Con il peso di troppi anni a gravarle sulla memoria, Kate non era certa che avrebbe saputo prendervi parte adesso con la stessa abilità di allora, e tuttavia i ruoli almeno le erano rimasti ben impressi per la loro particolarità: così, a seconda della carta estratta, vi erano i semplici passanti, i lupi -il cui obiettivo era quello di eliminare ad uno ad uno i primi con un abile e discreto gioco di sguardi-, e il cacciatore, chiaramente votato alla ricerca dei suddetti predatori.
Mentre la portata principale del pranzo veniva consumata, Kate -tra una chiacchiera e un boccone- continuava a pensare a quel gioco e, pur non capacitandosi del perché, aveva il forte sospetto che quella passeggiata lungo il viale dei ricordi avesse a che fare con l'intensissima guerra di sguardi che si stava compiendo a quel tavolo da quasi due ore, da quando cioè ognuno aveva preso posto scoprendo la carta assegnatagli. Si era così venuto a instaurare un inquieto equilibrio: loro due, inevitabili membri dello stesso branco, intenti a scambiarsi occhiate eloquenti e sguardi fuggevoli ma fin troppo insistenti, in un'evidente distorsione delle regole, tale per cui non minacciavano di morte gli astanti ma sé stessi e il proprio autocontrollo. E il cacciatore tra loro, nelle rassicuranti e voluttuose vesti di Laura, inconsapevolmente preposta alla ricerca di un canale comunicativo che neppure sospettava esistesse, confidente in una ferrea sicurezza di sé o semplicemente nell'ignoranza circa il passato del suo uomo e della donna che gli sedeva di fronte. E così, a parte loro, nessuno dei presenti sospettava nulla, vittime tutte inconsapevoli di quel conflitto a fuoco tra iridi che avrebbe facilmente potuto trasformarsi in un massacro se solo una piccola scintilla di consapevolezza avesse attraversato gli occhi del cacciatore.
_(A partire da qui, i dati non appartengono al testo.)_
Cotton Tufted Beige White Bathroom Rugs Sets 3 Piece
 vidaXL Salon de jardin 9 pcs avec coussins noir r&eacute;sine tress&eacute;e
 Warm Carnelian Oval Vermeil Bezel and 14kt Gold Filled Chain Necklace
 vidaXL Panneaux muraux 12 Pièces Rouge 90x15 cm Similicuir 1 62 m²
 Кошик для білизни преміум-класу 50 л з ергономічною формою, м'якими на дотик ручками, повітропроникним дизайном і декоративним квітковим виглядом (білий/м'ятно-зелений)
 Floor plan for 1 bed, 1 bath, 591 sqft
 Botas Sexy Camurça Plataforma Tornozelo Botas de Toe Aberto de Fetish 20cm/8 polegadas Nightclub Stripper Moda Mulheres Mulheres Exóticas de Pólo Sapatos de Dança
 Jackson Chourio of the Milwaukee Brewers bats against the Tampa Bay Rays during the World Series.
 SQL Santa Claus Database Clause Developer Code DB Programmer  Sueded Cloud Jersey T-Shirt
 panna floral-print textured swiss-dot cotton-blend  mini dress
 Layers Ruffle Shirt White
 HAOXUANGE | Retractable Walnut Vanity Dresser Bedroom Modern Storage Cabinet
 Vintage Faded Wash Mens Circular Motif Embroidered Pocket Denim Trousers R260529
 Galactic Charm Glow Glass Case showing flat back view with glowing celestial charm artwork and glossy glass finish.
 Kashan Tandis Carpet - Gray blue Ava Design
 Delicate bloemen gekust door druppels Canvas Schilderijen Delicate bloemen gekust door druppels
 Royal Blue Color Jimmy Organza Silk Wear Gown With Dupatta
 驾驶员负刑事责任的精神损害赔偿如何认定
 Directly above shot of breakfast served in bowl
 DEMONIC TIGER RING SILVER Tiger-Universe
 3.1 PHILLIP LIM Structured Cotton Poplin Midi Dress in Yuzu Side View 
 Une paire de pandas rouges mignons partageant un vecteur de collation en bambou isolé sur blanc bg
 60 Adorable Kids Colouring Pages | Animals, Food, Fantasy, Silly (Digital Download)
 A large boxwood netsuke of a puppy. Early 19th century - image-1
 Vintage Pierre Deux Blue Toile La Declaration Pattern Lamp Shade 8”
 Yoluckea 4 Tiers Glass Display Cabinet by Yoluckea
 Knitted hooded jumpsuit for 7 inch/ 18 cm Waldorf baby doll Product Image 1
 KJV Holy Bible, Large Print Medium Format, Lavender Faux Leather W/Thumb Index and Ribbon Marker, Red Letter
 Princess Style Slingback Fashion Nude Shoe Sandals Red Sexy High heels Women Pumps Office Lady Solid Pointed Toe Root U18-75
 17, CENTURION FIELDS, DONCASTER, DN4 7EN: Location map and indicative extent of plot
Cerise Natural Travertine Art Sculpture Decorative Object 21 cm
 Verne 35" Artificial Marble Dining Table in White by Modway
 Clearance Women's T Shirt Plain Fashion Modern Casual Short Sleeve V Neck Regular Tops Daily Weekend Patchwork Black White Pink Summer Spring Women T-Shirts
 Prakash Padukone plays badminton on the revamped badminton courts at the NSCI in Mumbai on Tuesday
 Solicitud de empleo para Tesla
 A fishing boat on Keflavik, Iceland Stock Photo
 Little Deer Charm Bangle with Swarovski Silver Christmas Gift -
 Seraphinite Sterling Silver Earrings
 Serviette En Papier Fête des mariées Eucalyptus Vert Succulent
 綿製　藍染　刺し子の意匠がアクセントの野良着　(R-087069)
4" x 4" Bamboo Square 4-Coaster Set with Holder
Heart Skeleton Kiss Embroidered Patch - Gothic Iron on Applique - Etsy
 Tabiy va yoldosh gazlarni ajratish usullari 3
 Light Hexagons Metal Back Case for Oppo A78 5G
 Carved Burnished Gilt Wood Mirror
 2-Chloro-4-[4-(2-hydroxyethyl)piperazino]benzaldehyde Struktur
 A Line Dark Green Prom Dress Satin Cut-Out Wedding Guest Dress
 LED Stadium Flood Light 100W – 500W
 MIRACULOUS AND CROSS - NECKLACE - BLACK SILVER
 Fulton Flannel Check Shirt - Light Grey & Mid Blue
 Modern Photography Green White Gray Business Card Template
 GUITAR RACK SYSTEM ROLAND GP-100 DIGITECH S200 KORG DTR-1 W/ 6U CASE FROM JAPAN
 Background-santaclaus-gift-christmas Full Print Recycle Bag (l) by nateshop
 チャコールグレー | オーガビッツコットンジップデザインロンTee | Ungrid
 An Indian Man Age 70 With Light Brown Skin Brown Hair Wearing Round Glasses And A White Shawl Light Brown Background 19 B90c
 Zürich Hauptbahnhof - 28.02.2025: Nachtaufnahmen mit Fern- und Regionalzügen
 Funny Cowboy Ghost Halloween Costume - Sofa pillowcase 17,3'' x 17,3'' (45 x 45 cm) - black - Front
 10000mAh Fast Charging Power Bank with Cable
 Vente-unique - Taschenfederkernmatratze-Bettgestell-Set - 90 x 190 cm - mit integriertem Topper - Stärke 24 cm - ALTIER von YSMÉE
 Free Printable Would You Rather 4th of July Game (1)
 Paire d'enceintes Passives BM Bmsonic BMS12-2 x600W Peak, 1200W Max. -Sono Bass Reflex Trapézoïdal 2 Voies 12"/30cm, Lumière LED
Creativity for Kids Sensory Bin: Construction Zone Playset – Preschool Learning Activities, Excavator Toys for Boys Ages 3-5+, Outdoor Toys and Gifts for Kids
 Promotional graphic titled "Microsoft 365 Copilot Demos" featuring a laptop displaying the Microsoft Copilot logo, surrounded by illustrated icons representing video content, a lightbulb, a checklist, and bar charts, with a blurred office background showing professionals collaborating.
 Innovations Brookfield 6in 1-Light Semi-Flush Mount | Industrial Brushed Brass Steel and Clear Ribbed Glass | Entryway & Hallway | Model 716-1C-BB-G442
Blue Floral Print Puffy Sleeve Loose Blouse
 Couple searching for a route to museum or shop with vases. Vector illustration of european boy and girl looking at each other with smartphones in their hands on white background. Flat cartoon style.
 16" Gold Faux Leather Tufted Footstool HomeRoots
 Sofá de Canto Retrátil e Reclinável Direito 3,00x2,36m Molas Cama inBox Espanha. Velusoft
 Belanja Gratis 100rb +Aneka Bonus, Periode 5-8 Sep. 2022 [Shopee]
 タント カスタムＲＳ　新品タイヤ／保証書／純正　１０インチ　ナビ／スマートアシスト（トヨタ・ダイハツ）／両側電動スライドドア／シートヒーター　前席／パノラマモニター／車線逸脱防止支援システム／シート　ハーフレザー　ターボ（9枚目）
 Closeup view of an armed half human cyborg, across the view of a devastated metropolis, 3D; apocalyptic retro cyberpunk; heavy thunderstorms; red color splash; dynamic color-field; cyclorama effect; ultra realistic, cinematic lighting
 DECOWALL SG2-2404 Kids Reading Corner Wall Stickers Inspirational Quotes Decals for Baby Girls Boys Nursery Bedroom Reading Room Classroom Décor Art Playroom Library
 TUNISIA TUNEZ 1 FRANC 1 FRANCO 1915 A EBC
«Prima di passare alla prossima portata, faremo una pausa. Nel frattempo fate un bell'applauso e accogliamo tutti il primo ballo degli sposi»
La voce del cantante del gruppo -una piccola band neo-melodica le cui cover avevano conquistato Lanie già ad un precedente matrimonio- si levò sopra il festoso frastuono di stoviglie, posate e chiacchiere gioviali, attirando l'attenzione di tutti i presenti. Dal fondo della sala che -con una magnifica vetrata affacciata sul giardino a fare da sfondo- accoglieva il tavolo degli sposi, emersero quindi Lanie e Javier, i quali un po' impacciati, una per l'abito l'altro per l'agitazione, raggiunsero il centro della sala, incoraggiati dalle urla e dagli applausi dei tavoli intorno.
Quando infine fu soddisfatto della loro posizione, il cantante abbandonò i toni irruenti dello speaker per passare a quelli suadenti che più si confacevano al suo ruolo, e ben presto l'atmosfera nella sala cambiò. Lanie e Javier, evidentemente poco pratici dei ritmi rilassati di un lento, dopo un inizio un po' incerto iniziarono però a carburare, e ben presto la coppia prese a volteggiare abilmente per la pista. Kate conosceva già le doti danzerecce di Esposito -avendo avuto modo di apprezzarle durante i talent annuali della polizia a cui immancabilmente lui e Ryan si esibivano- e conosceva la passione di Lanie per le discoteche e per il ballo, che in tempi meno rigidi aveva condiviso con lei. Tuttavia vederli in quella veste, di sposi e ballerini insieme, era uno spettacolo nuovo e attraente, specie perché mai, anni addietro, avrebbe potuto immaginarseli così: felici e innamorati, cullati dalle note di una canzone così lenta da scontrarsi con l'effervescenza delle loro personalità.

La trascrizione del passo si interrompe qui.